### Work item
Exactly the lines from the one with "Pink Hawaii Kukui" to the end of the entries should appear in your answer, retyped word for word.

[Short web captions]
——
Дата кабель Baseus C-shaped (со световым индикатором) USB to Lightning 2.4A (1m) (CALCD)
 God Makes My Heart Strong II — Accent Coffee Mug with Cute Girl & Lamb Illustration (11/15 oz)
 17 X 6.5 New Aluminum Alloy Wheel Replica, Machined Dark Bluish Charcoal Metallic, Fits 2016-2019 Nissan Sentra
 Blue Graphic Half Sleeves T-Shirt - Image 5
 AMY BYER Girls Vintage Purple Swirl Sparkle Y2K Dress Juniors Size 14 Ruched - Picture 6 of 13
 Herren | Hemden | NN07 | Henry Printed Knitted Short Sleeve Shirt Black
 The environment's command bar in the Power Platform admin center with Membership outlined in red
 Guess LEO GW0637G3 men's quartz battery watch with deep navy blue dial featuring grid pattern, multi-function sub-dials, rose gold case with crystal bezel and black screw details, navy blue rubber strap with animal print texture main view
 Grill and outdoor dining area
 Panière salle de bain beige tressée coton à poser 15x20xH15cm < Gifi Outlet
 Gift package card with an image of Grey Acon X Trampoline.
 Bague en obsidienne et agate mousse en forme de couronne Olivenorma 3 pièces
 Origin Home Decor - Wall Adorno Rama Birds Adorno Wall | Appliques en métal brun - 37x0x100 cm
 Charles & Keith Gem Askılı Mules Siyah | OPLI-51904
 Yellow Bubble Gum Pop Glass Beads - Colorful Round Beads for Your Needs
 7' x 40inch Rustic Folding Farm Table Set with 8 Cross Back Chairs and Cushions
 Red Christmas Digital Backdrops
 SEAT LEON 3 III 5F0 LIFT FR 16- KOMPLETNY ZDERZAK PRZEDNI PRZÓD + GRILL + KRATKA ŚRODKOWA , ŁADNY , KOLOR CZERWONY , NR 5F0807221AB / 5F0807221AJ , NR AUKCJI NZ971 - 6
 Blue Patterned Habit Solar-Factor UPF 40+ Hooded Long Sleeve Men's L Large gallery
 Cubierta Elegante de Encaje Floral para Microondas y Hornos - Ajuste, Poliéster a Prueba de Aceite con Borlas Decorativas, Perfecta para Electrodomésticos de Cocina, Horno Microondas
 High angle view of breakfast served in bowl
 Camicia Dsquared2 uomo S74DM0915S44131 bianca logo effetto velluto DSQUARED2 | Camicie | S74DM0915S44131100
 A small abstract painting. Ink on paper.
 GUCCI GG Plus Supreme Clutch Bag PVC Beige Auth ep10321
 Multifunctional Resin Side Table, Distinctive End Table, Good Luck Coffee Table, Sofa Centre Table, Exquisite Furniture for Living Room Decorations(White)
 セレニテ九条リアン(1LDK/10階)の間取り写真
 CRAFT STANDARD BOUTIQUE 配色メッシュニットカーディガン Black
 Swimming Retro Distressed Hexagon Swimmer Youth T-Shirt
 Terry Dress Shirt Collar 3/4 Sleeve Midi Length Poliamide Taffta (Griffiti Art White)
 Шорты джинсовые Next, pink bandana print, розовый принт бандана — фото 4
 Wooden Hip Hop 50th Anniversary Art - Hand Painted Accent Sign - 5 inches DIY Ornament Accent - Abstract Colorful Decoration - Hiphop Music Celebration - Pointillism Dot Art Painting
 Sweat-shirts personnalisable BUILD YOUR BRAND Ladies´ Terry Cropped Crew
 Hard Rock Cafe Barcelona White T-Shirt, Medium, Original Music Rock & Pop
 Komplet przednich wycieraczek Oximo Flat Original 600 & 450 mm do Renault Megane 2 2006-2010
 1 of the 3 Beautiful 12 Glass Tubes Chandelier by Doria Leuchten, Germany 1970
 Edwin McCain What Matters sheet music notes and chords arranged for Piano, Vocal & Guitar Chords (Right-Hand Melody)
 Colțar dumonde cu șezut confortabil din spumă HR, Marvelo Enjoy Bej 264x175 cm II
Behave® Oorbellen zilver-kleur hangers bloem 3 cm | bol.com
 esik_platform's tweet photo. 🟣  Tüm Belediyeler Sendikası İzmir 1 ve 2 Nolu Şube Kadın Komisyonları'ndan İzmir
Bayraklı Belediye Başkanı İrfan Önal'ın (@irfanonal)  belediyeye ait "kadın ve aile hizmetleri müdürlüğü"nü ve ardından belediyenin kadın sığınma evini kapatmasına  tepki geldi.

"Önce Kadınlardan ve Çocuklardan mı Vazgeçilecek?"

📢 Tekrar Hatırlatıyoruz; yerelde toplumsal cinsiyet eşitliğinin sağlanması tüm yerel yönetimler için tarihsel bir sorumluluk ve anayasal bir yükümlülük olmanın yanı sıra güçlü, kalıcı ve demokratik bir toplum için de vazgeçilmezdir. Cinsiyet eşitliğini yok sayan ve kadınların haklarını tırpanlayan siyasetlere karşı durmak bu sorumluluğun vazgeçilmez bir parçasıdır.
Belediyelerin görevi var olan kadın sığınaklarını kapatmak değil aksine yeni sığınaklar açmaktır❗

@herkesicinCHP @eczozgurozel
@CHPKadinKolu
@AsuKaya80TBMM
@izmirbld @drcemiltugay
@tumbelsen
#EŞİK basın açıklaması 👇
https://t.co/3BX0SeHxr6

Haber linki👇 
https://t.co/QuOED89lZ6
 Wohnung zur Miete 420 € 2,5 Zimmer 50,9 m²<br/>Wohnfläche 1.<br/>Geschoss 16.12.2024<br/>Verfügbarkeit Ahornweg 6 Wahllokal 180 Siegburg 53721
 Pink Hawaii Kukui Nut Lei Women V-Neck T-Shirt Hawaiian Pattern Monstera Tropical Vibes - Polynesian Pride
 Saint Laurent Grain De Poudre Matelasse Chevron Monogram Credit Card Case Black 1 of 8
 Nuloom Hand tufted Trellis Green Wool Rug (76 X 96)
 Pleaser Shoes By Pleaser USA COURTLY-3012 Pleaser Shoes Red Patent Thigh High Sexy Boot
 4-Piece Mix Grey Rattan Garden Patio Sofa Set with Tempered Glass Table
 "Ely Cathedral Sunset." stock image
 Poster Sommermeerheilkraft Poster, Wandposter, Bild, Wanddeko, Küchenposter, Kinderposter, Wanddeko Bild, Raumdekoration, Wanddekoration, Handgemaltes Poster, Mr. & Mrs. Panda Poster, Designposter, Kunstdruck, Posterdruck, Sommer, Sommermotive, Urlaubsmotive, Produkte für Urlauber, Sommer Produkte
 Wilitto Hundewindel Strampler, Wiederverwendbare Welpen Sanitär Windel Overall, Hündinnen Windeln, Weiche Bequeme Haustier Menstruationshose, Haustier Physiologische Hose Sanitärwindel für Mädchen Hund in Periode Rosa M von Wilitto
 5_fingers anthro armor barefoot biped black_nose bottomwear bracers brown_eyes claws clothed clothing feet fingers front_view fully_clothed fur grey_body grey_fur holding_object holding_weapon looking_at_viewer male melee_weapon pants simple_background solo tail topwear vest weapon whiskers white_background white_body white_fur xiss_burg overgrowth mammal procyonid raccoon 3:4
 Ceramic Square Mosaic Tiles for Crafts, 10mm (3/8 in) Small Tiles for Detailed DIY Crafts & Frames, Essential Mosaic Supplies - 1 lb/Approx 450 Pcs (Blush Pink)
——
### Solution to this problem
 Pink Hawaii Kukui Nut Lei Women V-Neck T-Shirt Hawaiian Pattern Monstera Tropical Vibes - Polynesian Pride
 Saint Laurent Grain De Poudre Matelasse Chevron Monogram Credit Card Case Black 1 of 8
 Nuloom Hand tufted Trellis Green Wool Rug (76 X 96)
 Pleaser Shoes By Pleaser USA COURTLY-3012 Pleaser Shoes Red Patent Thigh High Sexy Boot
 4-Piece Mix Grey Rattan Garden Patio Sofa Set with Tempered Glass Table
 "Ely Cathedral Sunset." stock image
 Poster Sommermeerheilkraft Poster, Wandposter, Bild, Wanddeko, Küchenposter, Kinderposter, Wanddeko Bild, Raumdekoration, Wanddekoration, Handgemaltes Poster, Mr. & Mrs. Panda Poster, Designposter, Kunstdruck, Posterdruck, Sommer, Sommermotive, Urlaubsmotive, Produkte für Urlauber, Sommer Produkte
 Wilitto Hundewindel Strampler, Wiederverwendbare Welpen Sanitär Windel Overall, Hündinnen Windeln, Weiche Bequeme Haustier Menstruationshose, Haustier Physiologische Hose Sanitärwindel für Mädchen Hund in Periode Rosa M von Wilitto
 5_fingers anthro armor barefoot biped black_nose bottomwear bracers brown_eyes claws clothed clothing feet fingers front_view fully_clothed fur grey_body grey_fur holding_object holding_weapon looking_at_viewer male melee_weapon pants simple_background solo tail topwear vest weapon whiskers white_background white_body white_fur xiss_burg overgrowth mammal procyonid raccoon 3:4
 Ceramic Square Mosaic Tiles for Crafts, 10mm (3/8 in) Small Tiles for Detailed DIY Crafts & Frames, Essential Mosaic Supplies - 1 lb/Approx 450 Pcs (Blush Pink)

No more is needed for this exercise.